# INSTRUCTIONS TO FOLLOW:
The line with "in gold we trust pullover" marks where to begin; print it and all lines after it in the material below exactly, skipping pictures.

# RECORD EXTRACTS:
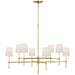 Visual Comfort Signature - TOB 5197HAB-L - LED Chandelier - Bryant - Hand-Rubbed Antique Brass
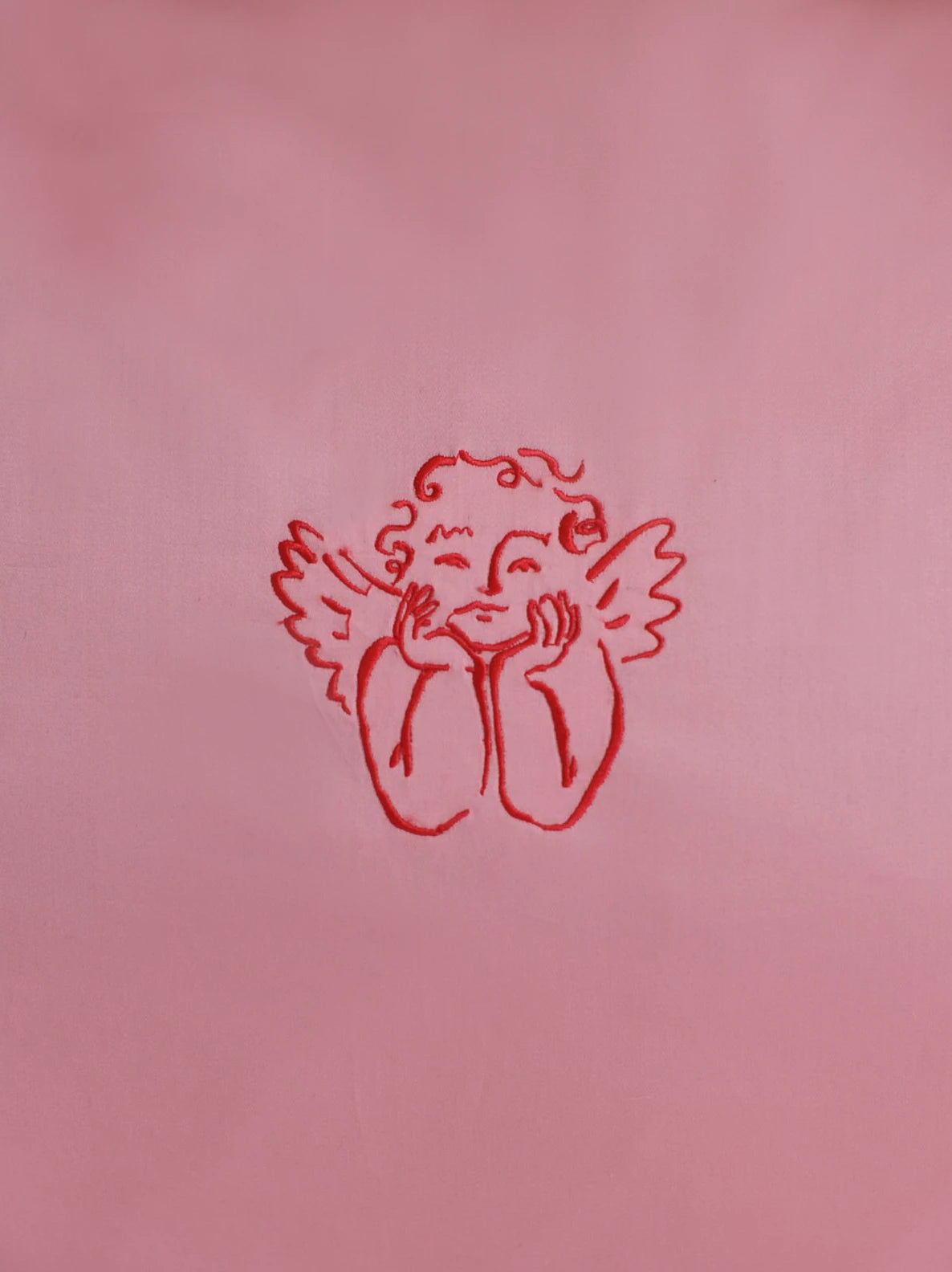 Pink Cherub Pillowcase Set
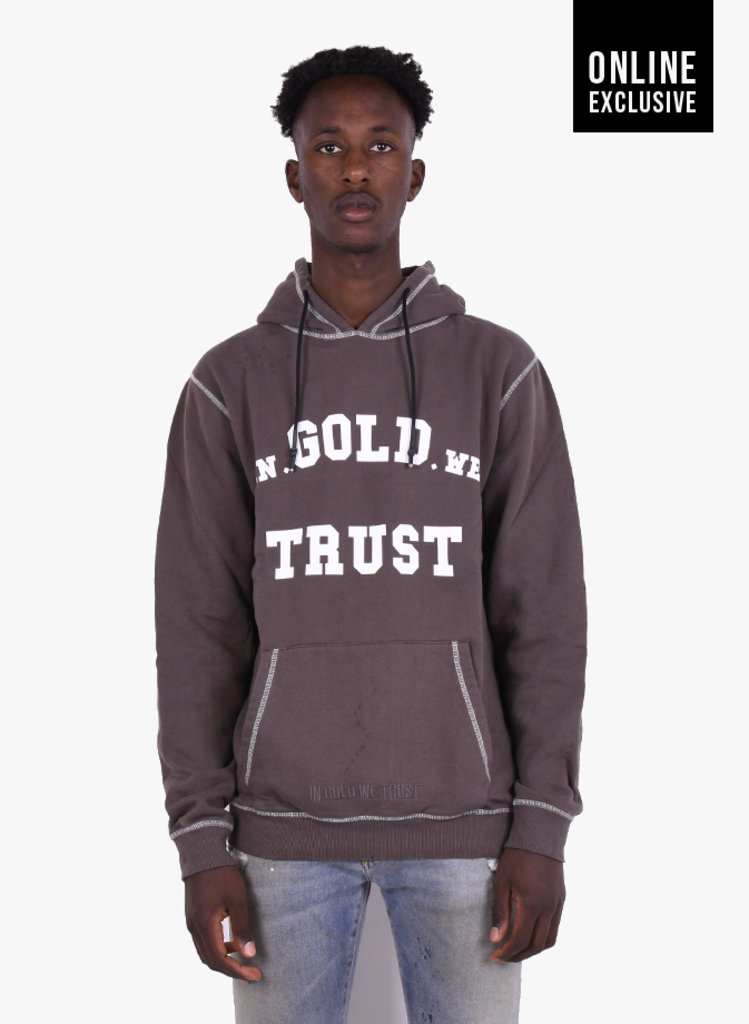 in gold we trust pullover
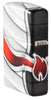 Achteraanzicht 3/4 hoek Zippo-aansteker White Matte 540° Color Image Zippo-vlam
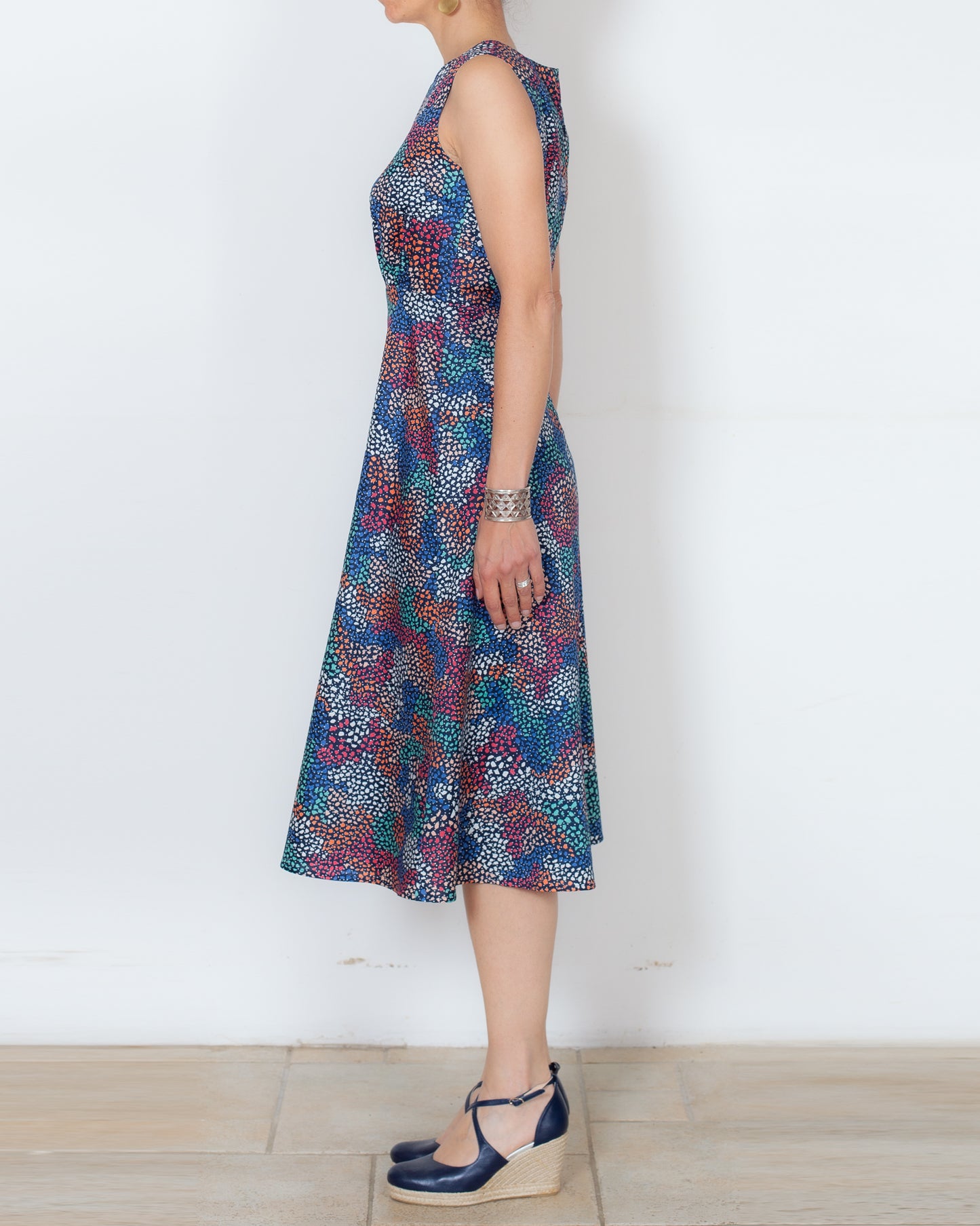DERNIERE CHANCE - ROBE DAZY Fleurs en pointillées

# ANSWER AREA:
 in gold we trust pullover
 Achteraanzicht 3/4 hoek Zippo-aansteker White Matte 540° Color Image Zippo-vlam
DERNIERE CHANCE - ROBE DAZY Fleurs en pointillées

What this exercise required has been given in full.